# Having a problem with Netgear DG834G router, after installing Windows 8.1!



## ithehappy (Mar 21, 2014)

The router is a Netgear DG834G V3. I use to open 192.168.0.1 to access and configure router's settings and all, but since switching to Windows 8.1 Pro I can NOT access the "connection status" page. Without that page I won't be able to connect / disconnect the router. The page is loading something like one third, but not in whole, but the surprising part is, all other sections are opening (on the left), only that "router status' page isn't loading in full! See the screen-shot!
What is the way out of this? Have asked in Netgear forum also, haven't found a valid response yet!
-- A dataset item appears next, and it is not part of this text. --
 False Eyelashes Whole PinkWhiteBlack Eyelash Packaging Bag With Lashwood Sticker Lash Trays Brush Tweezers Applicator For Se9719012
This is how it looks now: (See the right part of the screen, it shouldn't be blank, and the middle part, marked them both)

*i.imgur.com/AKzUByF.jpg

PS: Tried Chrome too, same, and IE is not even be able to open the page, I mean it doesn't even log-in into 192.168.0.1, after entering the credentials it just keeps loading but no page appears!


----------



## dashing.sujay (Mar 21, 2014)

Happens with my router also (asus) but refreshing the page before the page loading stops, does the job.


----------



## ithehappy (Mar 21, 2014)

Well it ain't solving my issue, I have refreshed million times already


----------